Avast! A horde o’ buccanneer dogs be comin’ t’ pillage yer tranquil village …o’ pirates. Or t’ steal yer ships. Or be it t’ get away on the’r own ships? Whatere the reason, ye’d best be killin’ them or ’tis Davy Jones’ locker fer ye!
No, I really can’t sustain that dialect for the entire review. It would drive me mad.
Horn Swaggle Islands is a pirate themed Tower Defense game. Be a pirate commander deploying pirate defenses in tropical pirate locations against pirates. Pirate! Maybe it’s a touch odd from a story perspective, but who cares about motivation when the game is good? And who doesn’t like a pirate theme regardless? Nobody sane, that’s who!
The learning curve on the Islands is steep. In fact, if you can get any impression from the Trial other than “it’s a tower defense game”, it would have to be “it’s a monkey-loving HARD tower defense game”. The guys at Pencel Games must have realized this, so they provided us with the full game to have a go at. I played the second island (the first is a very basic tutorial) in my spare time for two days before I survived the 8th wave of attackers. I played for two more before I could survive the 18th wave. There are 44.
Why is the learning curve so steep? One reason is because the depth of strategy in Horn Swaggle Islands is a bit greater than and in a different ballpark from a typical Tower Defense game. Go ahead and build a string of the cheap guns for the first wave. Then gasp in disbelief as the weakest enemies you’ll face prance by en masse, without even enough casualties to dampen their spirits. The path you create matters. Support units matter. Upgrades, in the proper context, matter. Tallying kills with upgraded towers matters!

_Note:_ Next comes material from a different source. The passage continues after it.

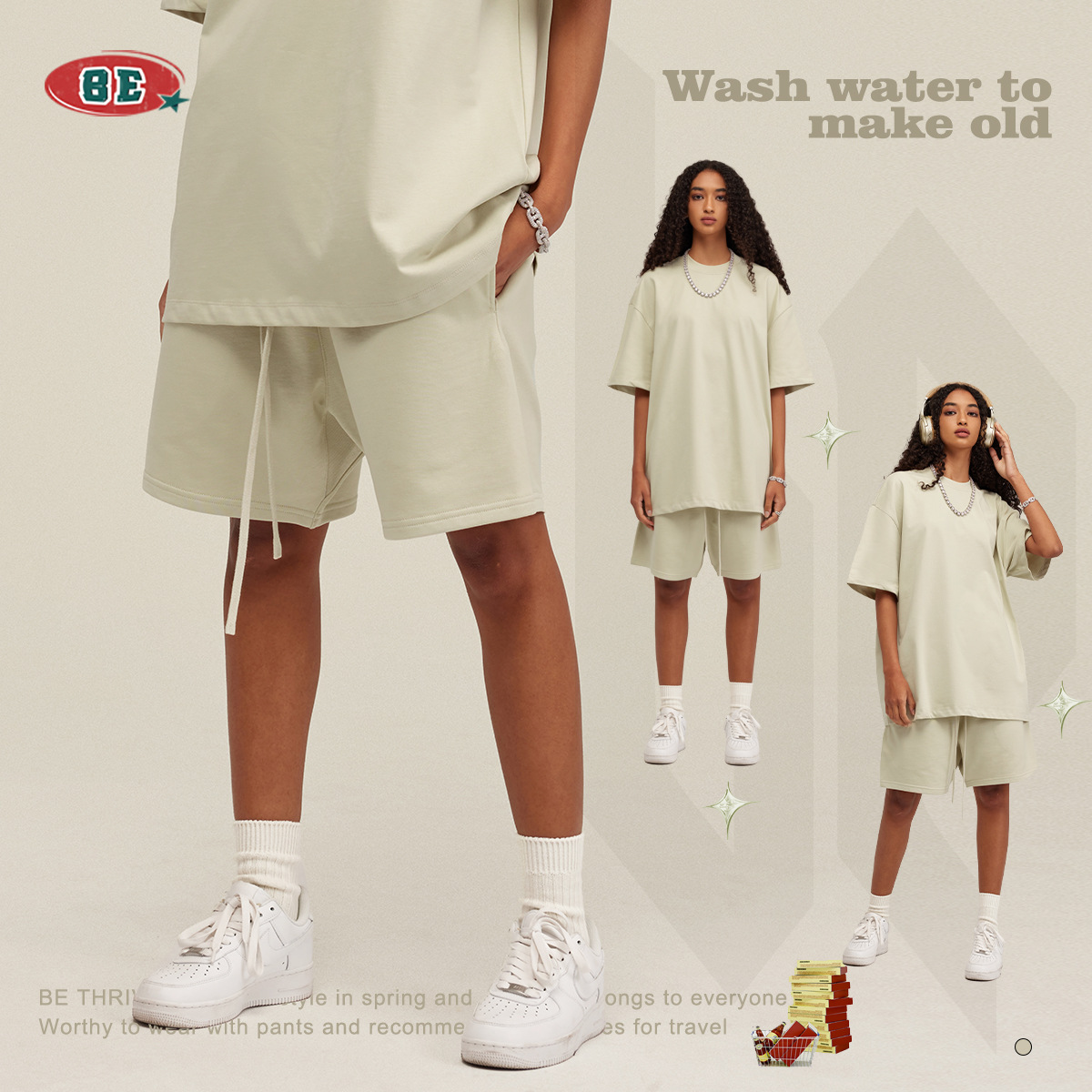 BE Men's 2024 Summer Heavyweight FOG streetwear brand shorts, men's loose and casual capri shorts, men's sport shorts details Picture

The other reason the learning curve is so steep is that the difficulty curve is nearly non-existent. Each island I’ve seen pits you against the same 44 waves of the same pirates in the same order. Once I had a strategy to defeat the first island, I crushed the next five in short order. The difference between the islands is mainly just the layout. The variations in building and pathing areas are likely intended to require modifications to your strategy, but I’ve been able to deploy essentially the same gauntlet even on the most restrictive maps. A couple times it got slightly tense financially, as you’ll need to wall in the invaders’ roaming, but the lynchpin went into place just before tougher waves arrived. Perhaps it is more of a factor on the hardest difficulty setting.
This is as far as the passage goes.